I’ve been living in the U.S for almost 11 years and I’ve never felt so out of place like I do now. I don’t know if it’s because I am a bit older and I am more “aware” of everything around me but It doesn’t feel good. I feel very sad.

Today, I feel like it’s becoming more challenging for me to do what it takes to make it in this country, at least financially speaking. It feels as if I need to have a certain type of mentality to see the bigger picture, like I need to be hungry for money and success. I don’t have that mentality, and I don’t crave to have that mentality. I just want peace, mental peace. I want to be comfortable and not worry so much about tomorrow. I want to feel safe, I want to be happy again and not have to think about how the decisions I make today will affect my family tomorrow, because ever since we moved to this country we have been supporting each other and if one of us falls, we all end up falling. I don’t want to have to be strong and have my shit together. I am supposed to be living my “best years”. I am supposed to be figuring things out, experiencing new things, new people, learning from my mistakes..but those years feel so far away right now.

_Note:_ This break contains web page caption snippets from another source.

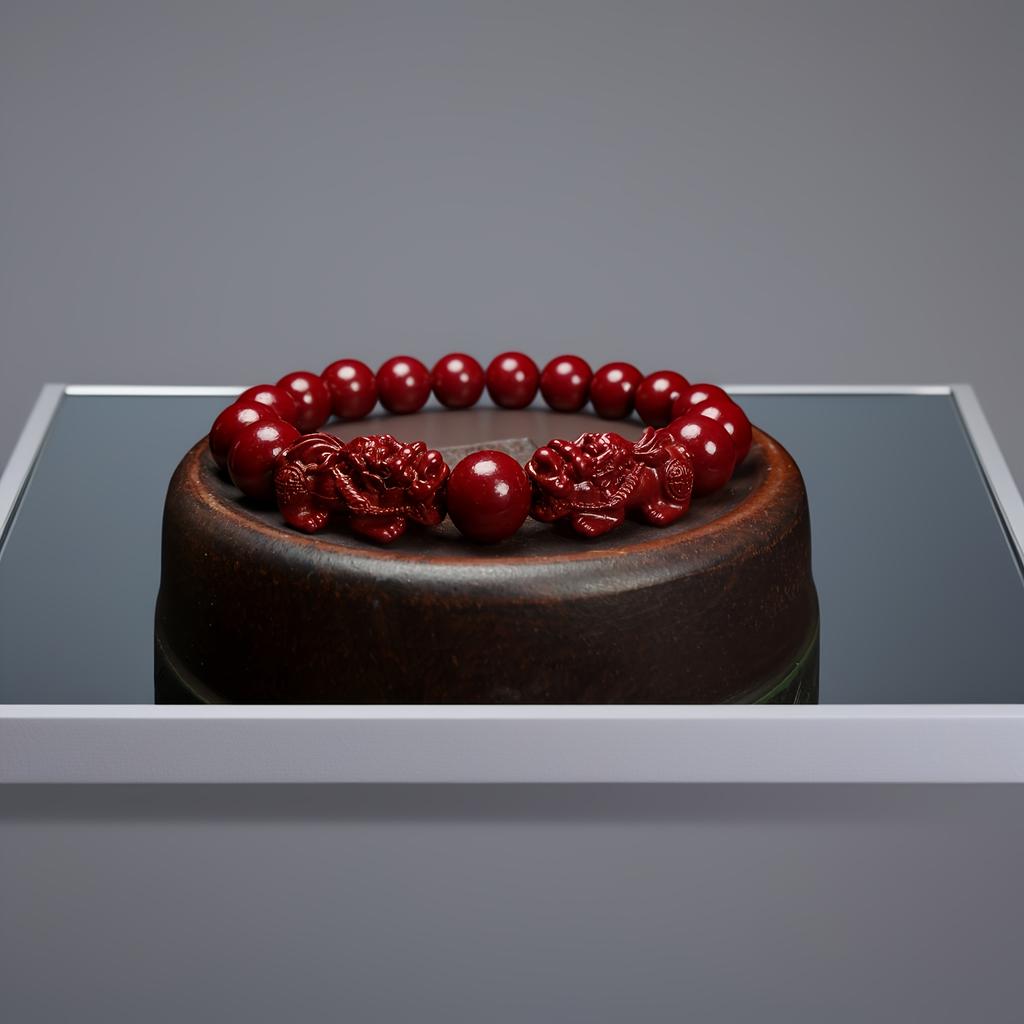 1 Stück Elegantes Zinnoberstein Pi Xiu Glücksarmband Nationalstil Charm-Armband mit geschnitzten Pixiu-Perlen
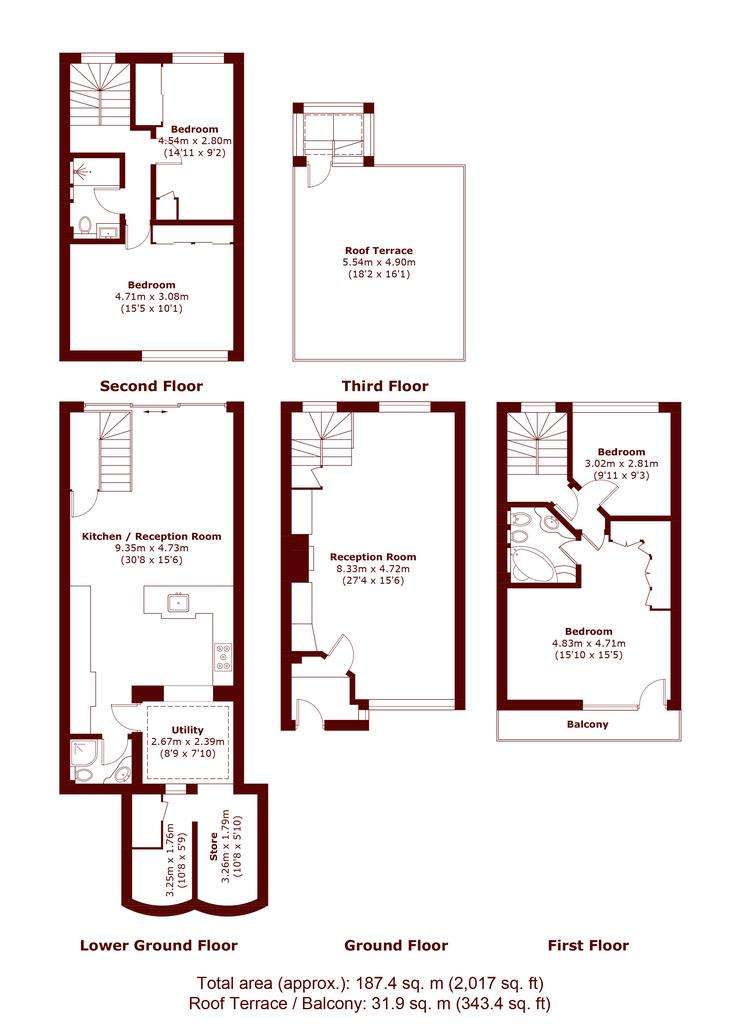 4 bedroom house to rent - floorplan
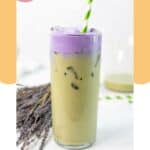 Homemade Starbucks iced lavender cream oatmilk matcha tea drink in a tall glass.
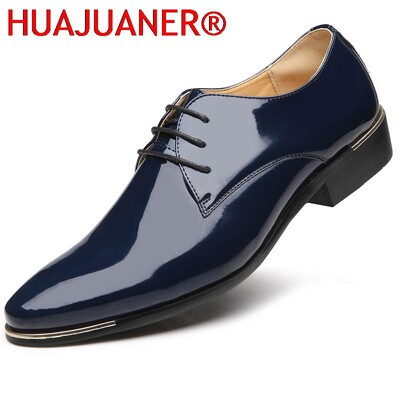 2023 Nou pantofi pentru bărbați de calitate din piele lăcuită Pantofi de nuntă albi Mărimea 38-48 Pantofi de rochie pentru bărbați din piele neagră moale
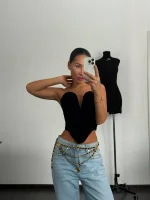 Корсет бархатный, Черный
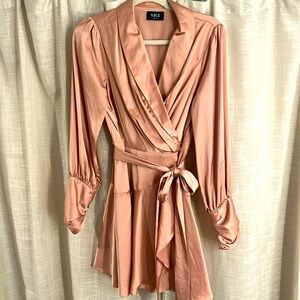 Vici Long Sleeve Side Wrap Dress in Light Pink Mauve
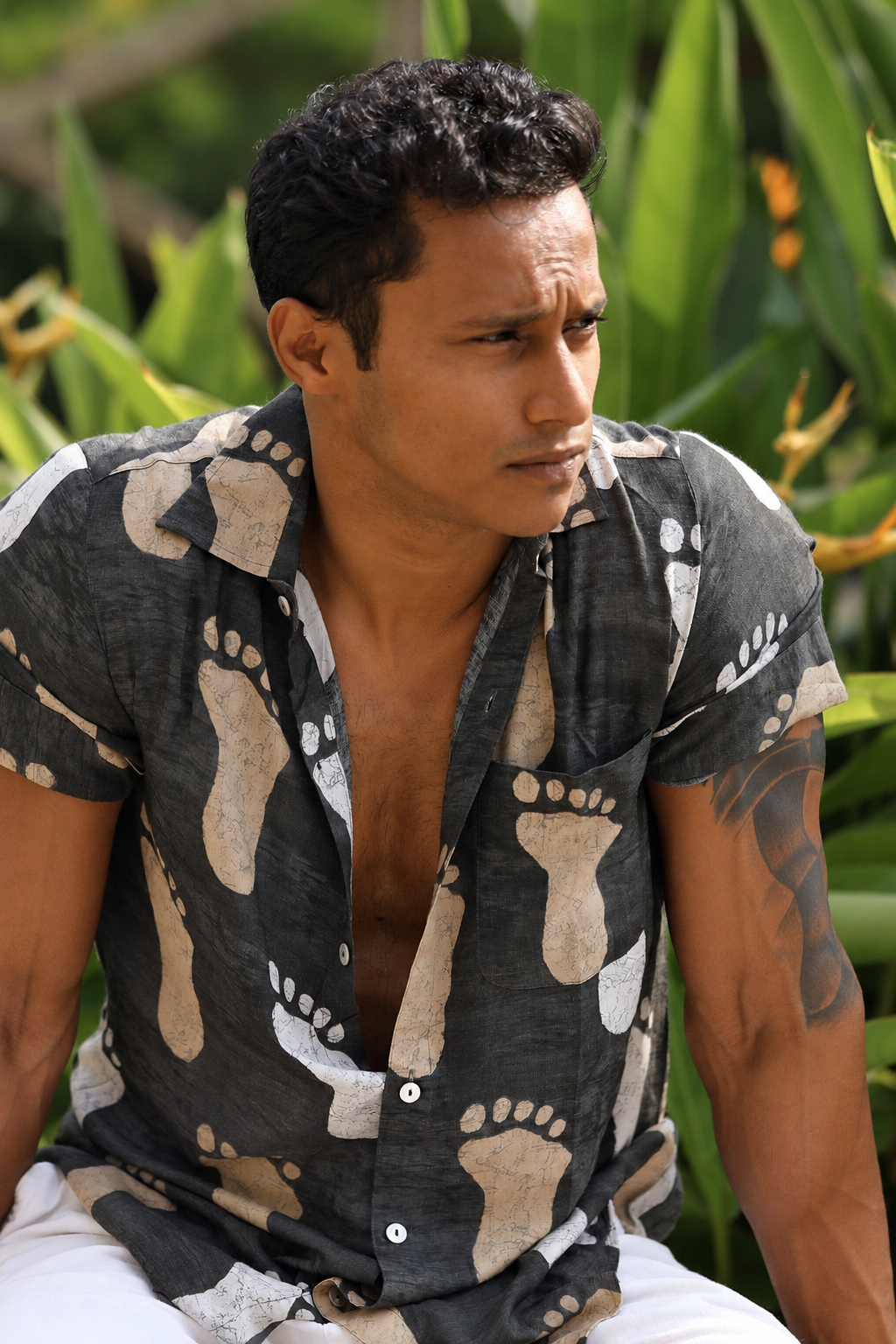 Polash charcoal footprint print shirt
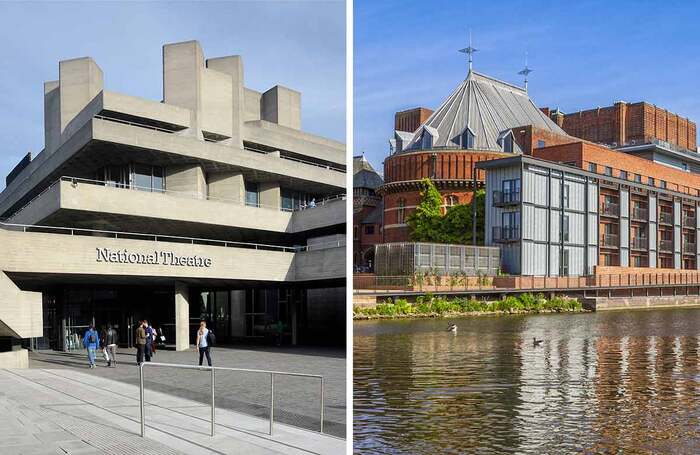 The National Theatre in London and the Royal Shakespeare Theatre in Stratford-upon-Avon. Photos: Shutterstock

I want to find what makes me happy but how do I do that when all I do is work and go to school? I’m exhausted, mentally and physically. I’m trying my best not to make excuses. I tried to go to therapy, but it’s expensive and I had to stop going. I tried to get medicated but the side effects left me feeling worse and I didn’t want to become addicted to the momentary feeling of relief or happiness. Now I understand why so many people struggle with addiction in this country, because it feels like it’s their only way out, specially when you are so burned out. I don’t want that, so every single day I decide to stay positive, to push myself , to look at the bright side, I have to do it for my mental health. I have to cheer myself up because if not I will fall into a deep depression and I cannot afford to do that. So I choose every single day to be strong…. But not today.

Today I just feel like the system is not meant to work for people like me. Today I feel like I would be better off somewhere else. Somewhere where the government makes sense of their actions and actually care about their citizens well being. Somewhere where I don’t have to worry about how much I would have to pay if my parents or I get sick, although we have insurance. Somewhere where I don’t have to worry if I will make enough money to pay for next semester in school, or enough money to stay afloat. Somewhere where I don’t have to force myself to be in a good mental place in order to fake another smile at work and pretend that I love what I do. Basically I’m asking to live in another planet.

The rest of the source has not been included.